== Segment start ==
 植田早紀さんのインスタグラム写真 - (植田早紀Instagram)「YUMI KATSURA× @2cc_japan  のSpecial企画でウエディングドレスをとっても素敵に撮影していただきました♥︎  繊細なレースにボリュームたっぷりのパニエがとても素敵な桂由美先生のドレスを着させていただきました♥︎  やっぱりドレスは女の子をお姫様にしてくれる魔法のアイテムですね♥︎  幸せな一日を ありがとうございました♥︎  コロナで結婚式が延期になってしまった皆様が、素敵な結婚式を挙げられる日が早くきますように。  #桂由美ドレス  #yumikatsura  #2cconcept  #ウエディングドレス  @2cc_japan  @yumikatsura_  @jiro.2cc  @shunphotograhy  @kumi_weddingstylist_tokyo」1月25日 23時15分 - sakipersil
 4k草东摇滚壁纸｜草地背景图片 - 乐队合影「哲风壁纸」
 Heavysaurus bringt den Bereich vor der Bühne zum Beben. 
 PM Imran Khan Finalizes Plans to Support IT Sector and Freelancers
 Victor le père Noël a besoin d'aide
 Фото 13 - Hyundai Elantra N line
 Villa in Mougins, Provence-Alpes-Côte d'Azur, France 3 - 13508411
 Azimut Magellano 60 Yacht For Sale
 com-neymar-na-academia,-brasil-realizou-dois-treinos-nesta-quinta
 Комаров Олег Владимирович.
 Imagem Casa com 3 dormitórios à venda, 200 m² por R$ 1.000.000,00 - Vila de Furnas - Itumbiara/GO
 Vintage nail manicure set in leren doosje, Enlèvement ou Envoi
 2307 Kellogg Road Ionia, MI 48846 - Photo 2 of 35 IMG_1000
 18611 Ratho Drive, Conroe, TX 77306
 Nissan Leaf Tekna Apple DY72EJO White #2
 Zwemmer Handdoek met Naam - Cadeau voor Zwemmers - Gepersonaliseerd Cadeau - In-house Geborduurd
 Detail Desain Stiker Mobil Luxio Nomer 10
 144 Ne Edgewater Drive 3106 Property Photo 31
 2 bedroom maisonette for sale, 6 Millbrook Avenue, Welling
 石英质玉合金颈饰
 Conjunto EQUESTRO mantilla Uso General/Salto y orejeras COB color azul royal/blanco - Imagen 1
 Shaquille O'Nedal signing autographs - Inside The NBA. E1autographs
== Segment end ==
In the entries above, find the line with "Vintage nail manicure" and the line with "Nissan Leaf Tekna Apple DY72EJO White #2", then restate word for word both of them and every line between, with nothing more.

→ **Completed exercise**:
 Vintage nail manicure set in leren doosje, Enlèvement ou Envoi
 2307 Kellogg Road Ionia, MI 48846 - Photo 2 of 35 IMG_1000
 18611 Ratho Drive, Conroe, TX 77306
 Nissan Leaf Tekna Apple DY72EJO White #2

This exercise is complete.